Creating Vertical Bar Graph
As you can see in this graph, we can see that Macbook Pro Laptop brings in the most revenue for this company.
I realize how long the process of cleaning and pre-processing data just to make this very simple graph. Now I have new-found respect for data cleaning. It is very important to have a clean data as you can actually quite end up with charts that does not make sense, giving wrong values, or worst not even give you a chart just all errors!.
Committing your Project to Github
Download your Colab project as Ipython file
To download your Colab file, go to File > Download .ipynb.
Create a New Repository in Github
Login to your Github account. Then, go to Repositories and click New.
Copy the path of your new repository. Please don’t mind the name of the repository in the image, I wanted to show how it looks like if its newly created repository.
Cloning Repository to your Laptop
Open command prompt and go to the folder you want to clone your repository.
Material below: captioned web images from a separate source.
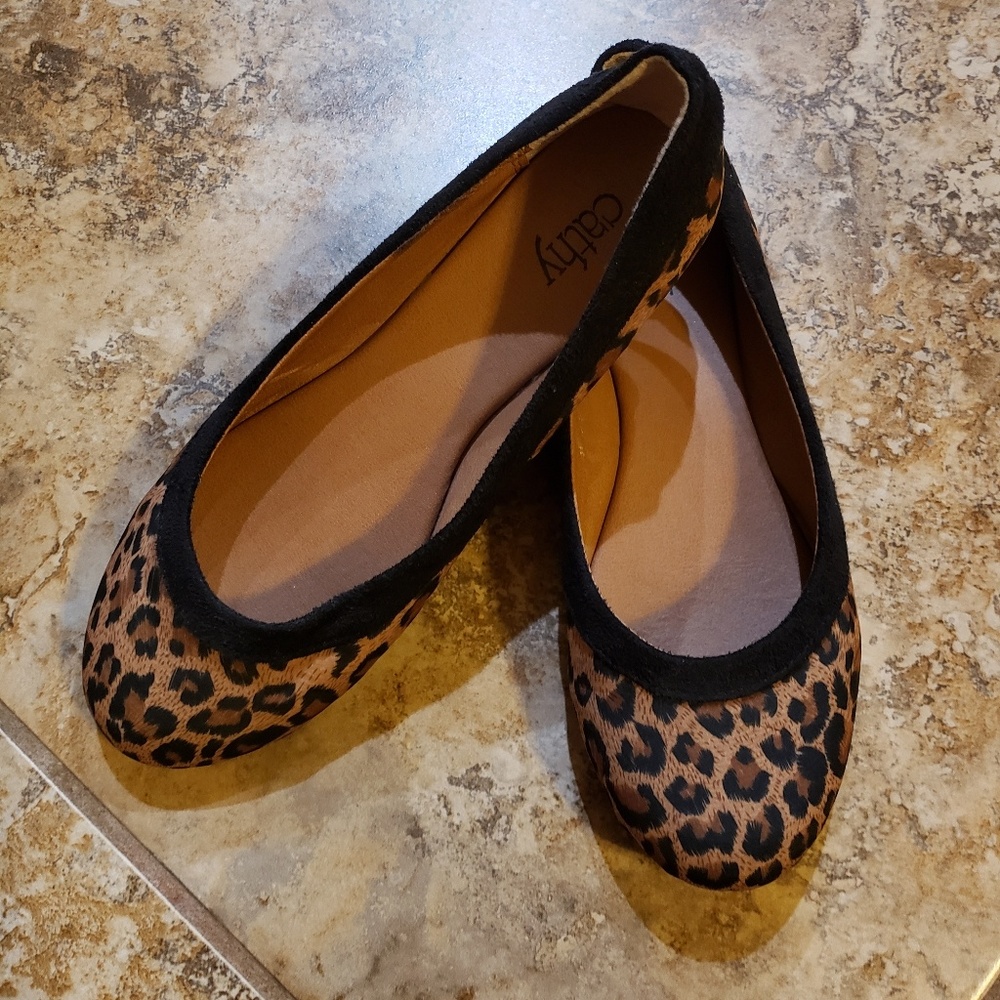 Women's leopard flats sz 5.5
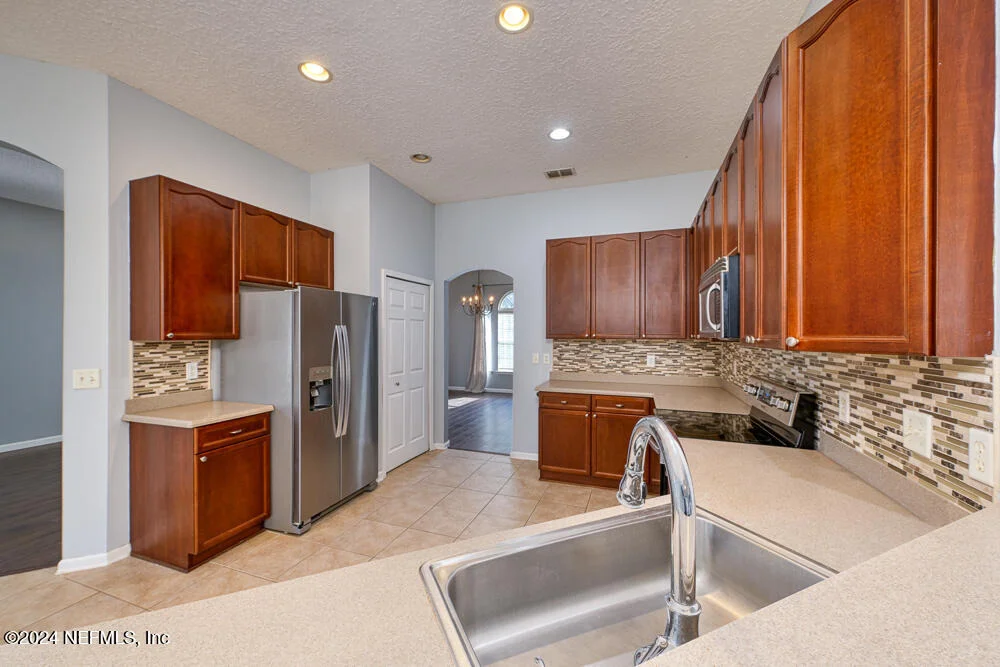 Photo of 732 WATERLILY Way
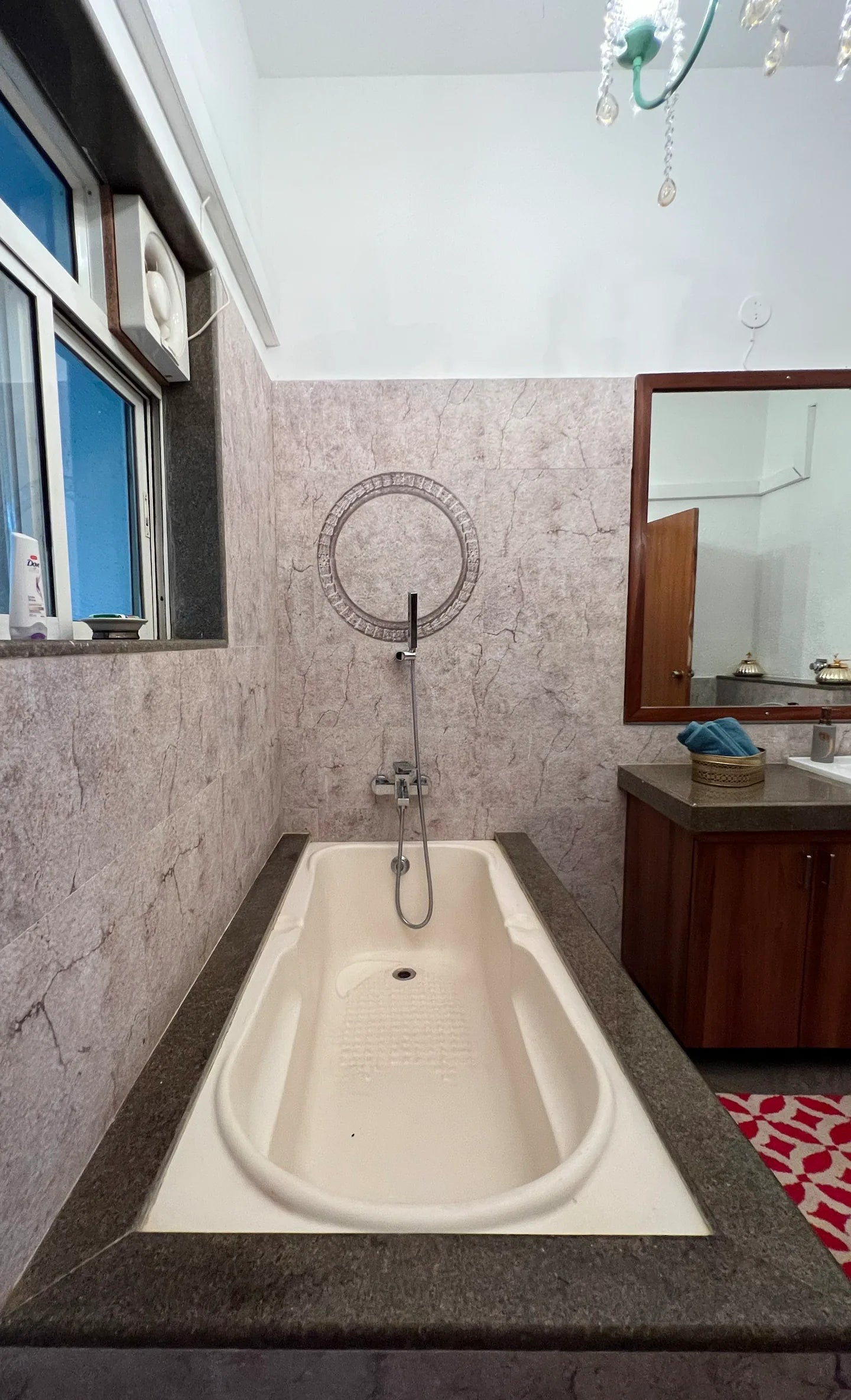 Casa Aera - 3 Bedroom Villa with Jacuzzi near Anjuna, Goa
Enter “git clone (path of your repository)”.
Copy your project to your local repository
Go to the folder where you had cloned your repository and copy your downloaded file from Colab.
Uploading your Project to Github
To upload your project to github, open command prompt and enter “git add .”. Yes, you need to add space after the word add.
Then, enter “git status”. This will check the the files you have in your repository.
We will then need to configure the credentials in your repository for github. Enter “git config --global user.email “(your github email here)””.
We will now commit your project to github. Enter “git commit -m “rush commit””.
After committing we will now push the project to github. Enter “git push -u origin master”. You will be prompted to enter your git credentials. Just enter your git email and password.
If you are successful in uploading your project to github, you should be able to see your file on your github repository
Hopefully you find this long blog helpful. Until the next blog then, see you!.